Room 7
«Today Gèricault continues to be a point of departure for Testori. His lesson and his memory survive the idea of the anatomical fragment abandoned to itself, a mute interweaving of cut legs and arms. But Testori has taken a step further, he no longer needs butchery. There is no longer any need to cut, to chop off legs and arms and then tie them up in a bow, in a still life in night light. It is enough to paint a genital, to obtain the same effect of mutilation. The anatomical and genital fragment itself is enough. […] The surface cracks, leaving open spaces, crater-like voids of light. And in these spaces the light does not break through, but bursts. […] Light is sucked out of nothing, it is only an intervention of darkness. It is darkness that produces it.
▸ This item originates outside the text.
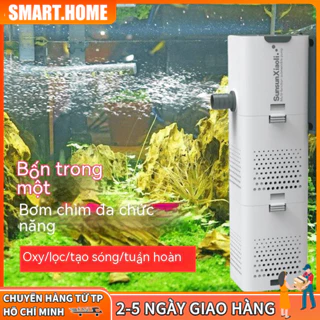 【🔥Free ship/chất lượng🔥】Máy lọc nước bơm oxy bể cá nội địa cao cấp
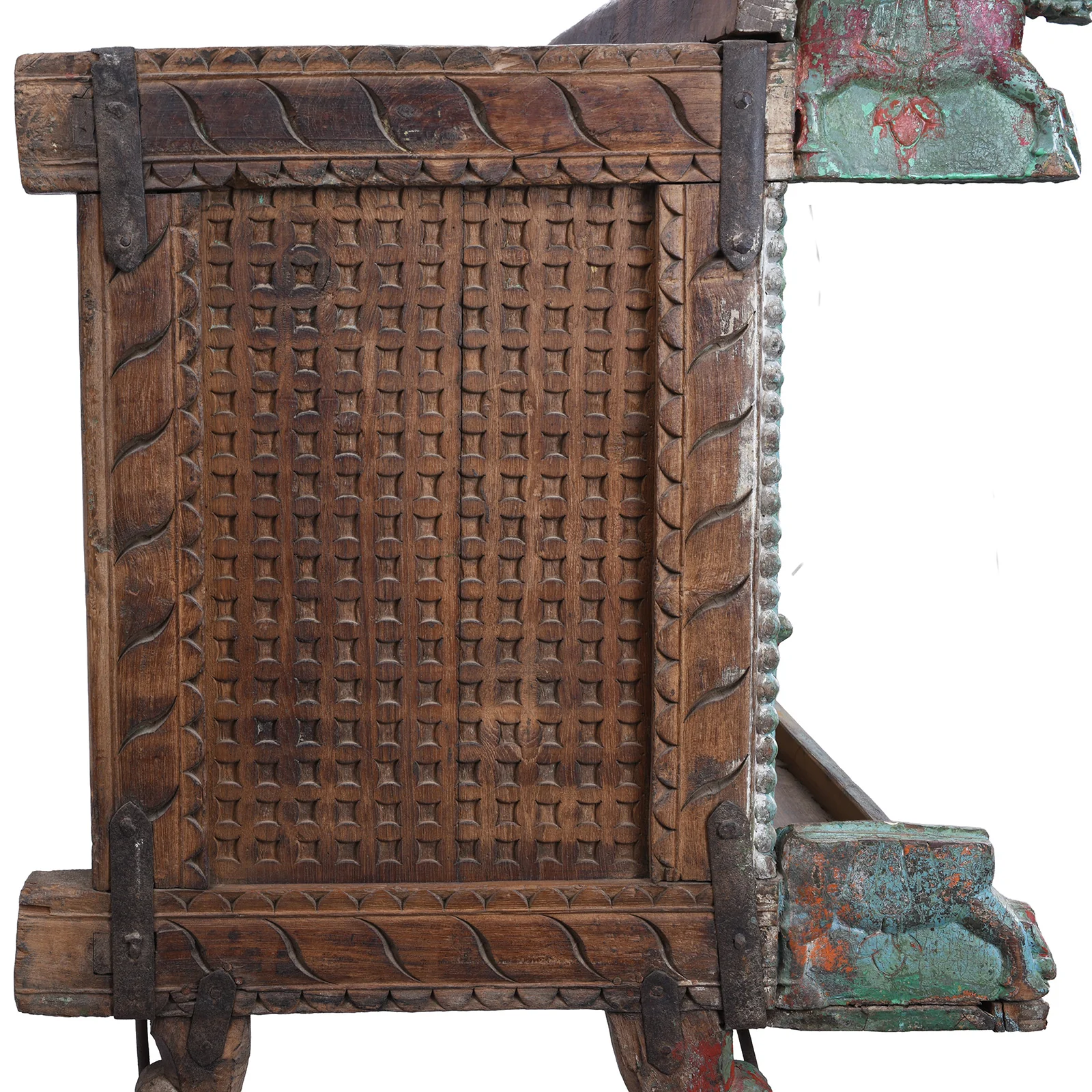 Painted Majus Dowry Chest From Saurashtra - 19th Century - Image 9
In this way, together with their luminosity, forms take shape that are not forms but ectoplasms, ghosts of nipples, breasts, vulvas, buttocks, suddenly materialised as if ready to return precipitously on their steps, to dissolve in the darkness of a well. Absurdly plastic images, absurdly fleshy, because there is no distinction between their form and the glow of their ephemeral and astonished light.»
Cesare Garboli, 1975
In 1975, Testori exhibited a series of large graphite papers with anatomical subjects and sensual fleshy flowers at the historic Galleria del Naviglio in Milan.